SELF-RELIANT MANHOOD.

Another great need of the race, which the schools must in a large measure supply, is self-reliant manhood. Slavery made the Negro as dependent upon the intelligence and foresight of his master as a soldier upon the will of his commander. He had no need to take thought as to what he should eat or drink or wherewithal he should be clothed.

Knowledge necessarily awakens self-consciousness of power.

When a child learns the multiplication table he gets a clear notion of intellectual dignity. Here he gains an acquisition which is his permanent, personal possession, and which can never be taken from him. It does not depend upon external authority; he could reproduce it if all the visible forms of the universe were effaced. It is said that the possession of personal property is the greatest stimulus to self-respect. When one can read his title clear to earthly possessions, it awakens a consciousness of the dignity of his own manhood. And so when one has digested and assimilated the principles of knowledge he can file his declaration of intellectual independence.
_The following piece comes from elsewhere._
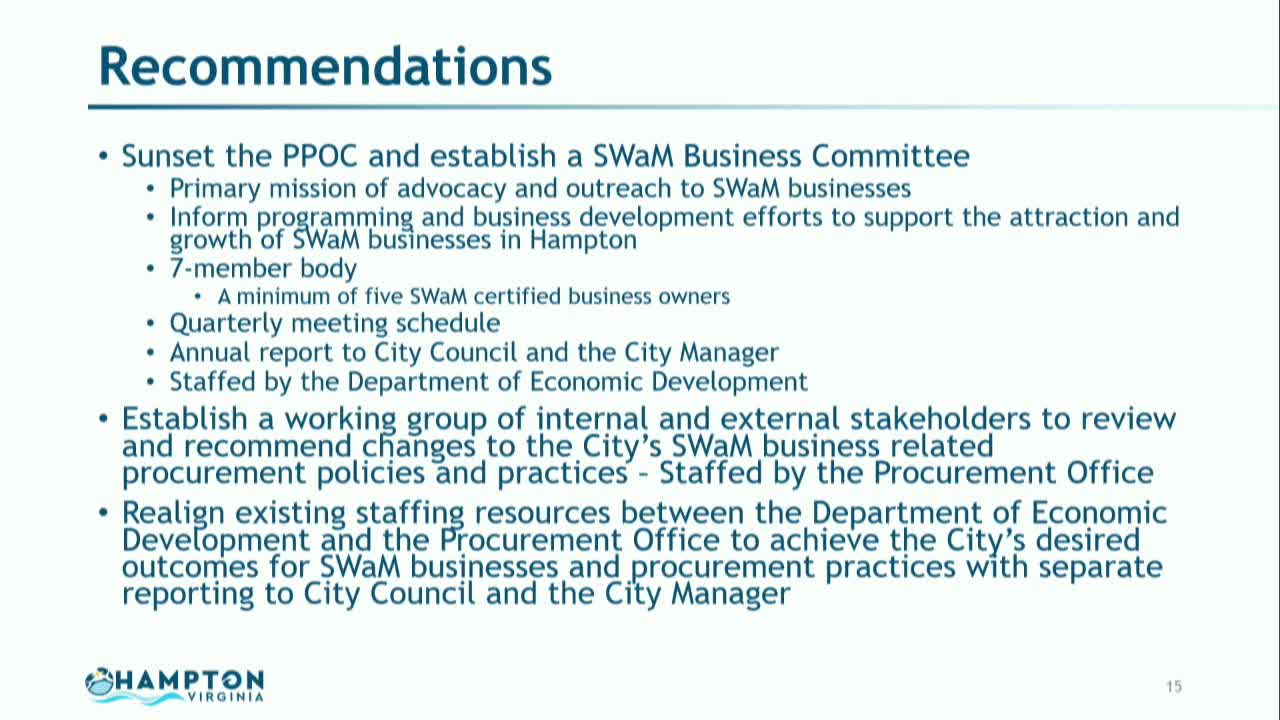 Hampton City Council considers new SWAM business committee for procurement oversight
He can adopt the language of Montaigne “Truth and reason are common to everyone, and are no more his who spake them first than his who speaks them after; ’tis no more according to Plato than according to me, since he and I equally see and understand them.”
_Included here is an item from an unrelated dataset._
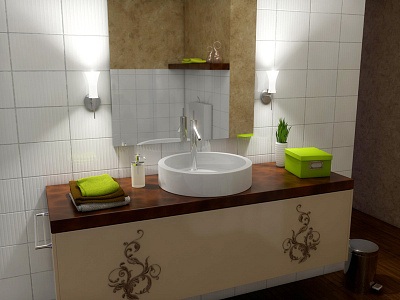 Bathroom Night version 3d cinema4d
Primary principles have no ethnic quality. We hear much in this day and time of the white man’s civilization. We had just as well speak of the white man’s multiplication table. Civilization is the common possession of all who assimilate and apply its principles. England can utilize no secret art or invention that is not equally available to Japan. We reward ingenuity with a patent right for a period of years upon the process that has been invented; but when an idea has been published to the world it is no more the exclusive property of the author than gold, after it has been put in circulation, can be claimed by the miner who first dug it from its hiding place in the earth. No race or nation can preempt civilization any more than they can monopolize the atmosphere which surrounds the earth, or the waters which hold it in their liquid embrace.

I have often noticed a young man accommodate his companion with a light from his cigar. After the spark has once been communicated, the beneficiary stands upon an equal footing with the benefactor. In both cases the fire must be continued by drawing fresh supplies of oxygen from the atmosphere. From whatever source a nation may derive the light of civilization, it must be perpetuated by the exercise of their own faculties. Self-reliant manhood is the ultimate basis of American citizenship.